BMF: Entwurf JStG 2018 mit Vorschriften zur Bekämpfung des Umsatzsteuerbetrugs im Zusammenhang mit dem Internet/Onlinehandel

Aktuell:

  • Der Bundestag hat am 08.11.2018, das GEsetz verabschiedet (siehe Deloitte Tax-News). Es steht noch die Zustimmung des Bundesrates aus.
  • Das Bundeskabinett hat am 01.08.2018 den Regierungsentwurf verabschiedet und damit das Gesetzgebungsverfahren gestartet. Zu den umsatzsteuerlichen Änderungen gegenüber dem Referentenentwurf siehe hier

Hintergrund

Jedes Jahr gehen den Mitgliedsstaaten der Europäischen Union mehrere hundert Millionen Euro an Steuereinnahmen dadurch verloren, dass Anbieter über Online-Marktplätze ihre Waren in der EU verkaufen, die entsprechende Umsatzsteuer aber nicht abführen.
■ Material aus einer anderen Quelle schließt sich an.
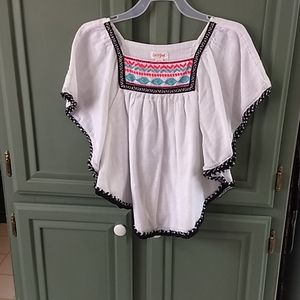 COPY - Boho top! Super cute!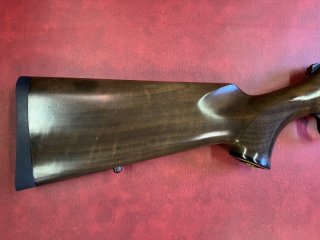 Sauer 101 "Forest" cal. .30-06 mit Fluchtvisier und Heavy-Medium-Lauf
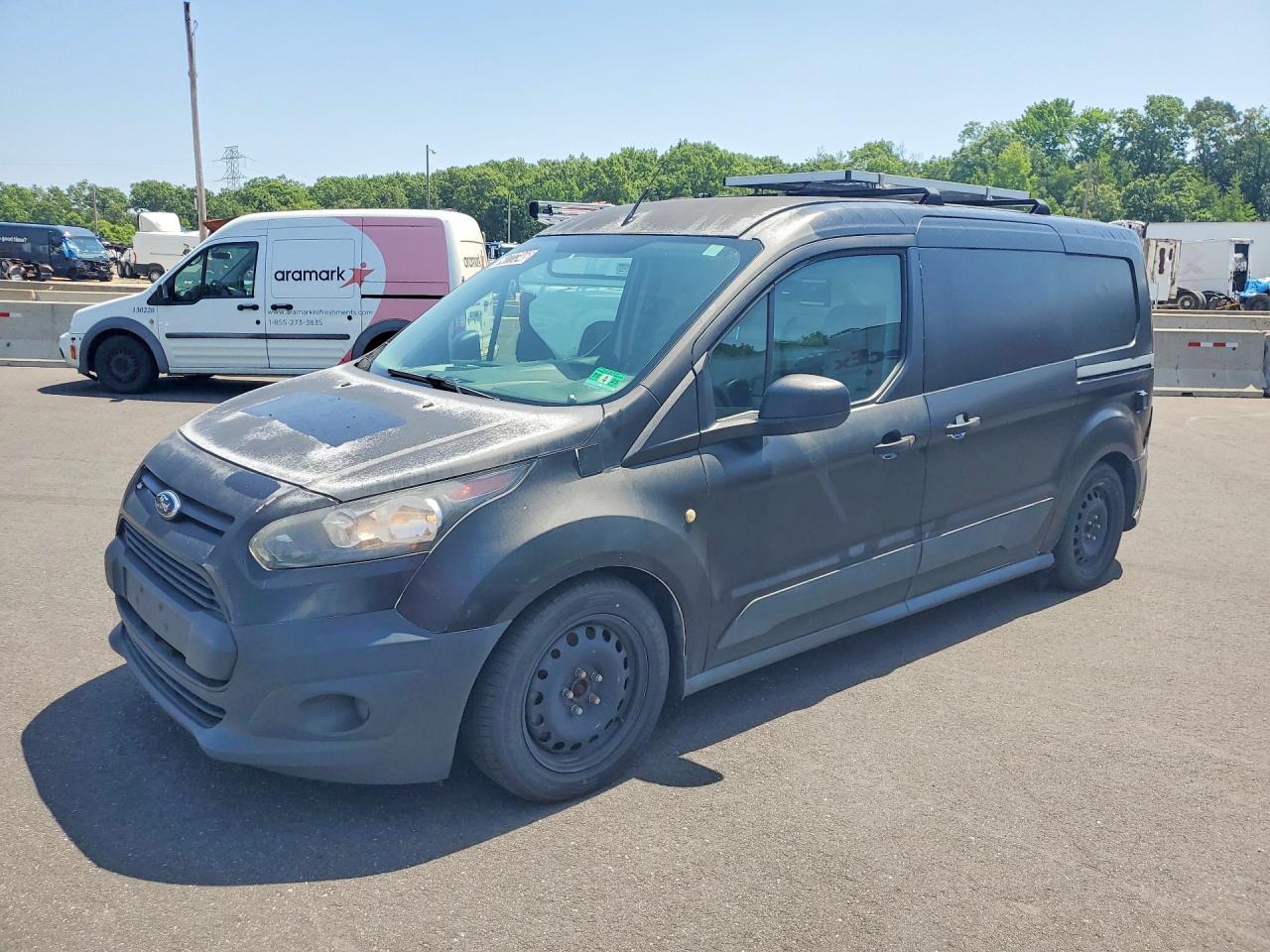 2015 FORD TRANSIT CONNECT XL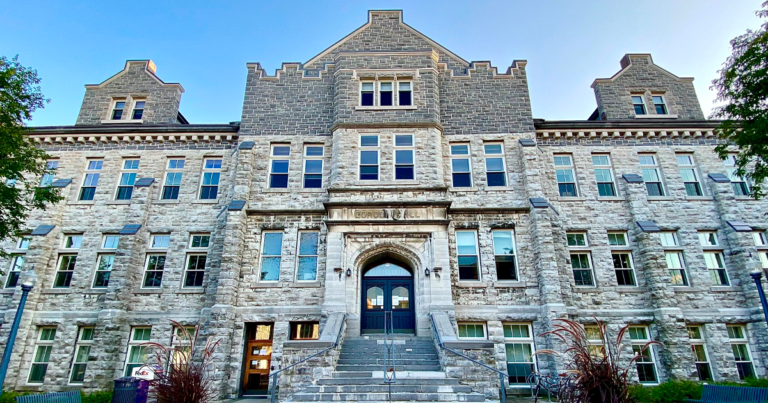 LAWTON: Doctor sues Queen’s University over job loss for Covid opinions (ft. Dr. Matt Strauss)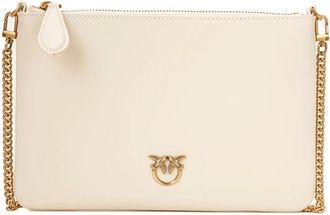 Pinko Pinko, Dames, Tassen, Wit, Maat: ONE Size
Der entstehende Schaden beschränkt sich nicht allein auf den Steuerausfall, er begründet auch einen Wettbewerbsnachteil für steuertreue Anbieter, welche die Umsatzsteuer ordnungsgemäß abführen. Auf EU-Ebene wurde daher bereits im Dezember 2017 die Richtlinie (EU) 2017/2455 verabschiedet. Im Nachgang dieser Richtlinie hat nun das Bundesministerium der Finanzen in seinem Referentenentwurf zum Jahressteuergesetz 2018 Regelungen vorgeschlagen, die dem Umsatzsteuerbetrug beim e-commerce Einhalt gebieten sollen.

Referentenentwurf des Jahressteuergesetzes 2018 (JStG 2018)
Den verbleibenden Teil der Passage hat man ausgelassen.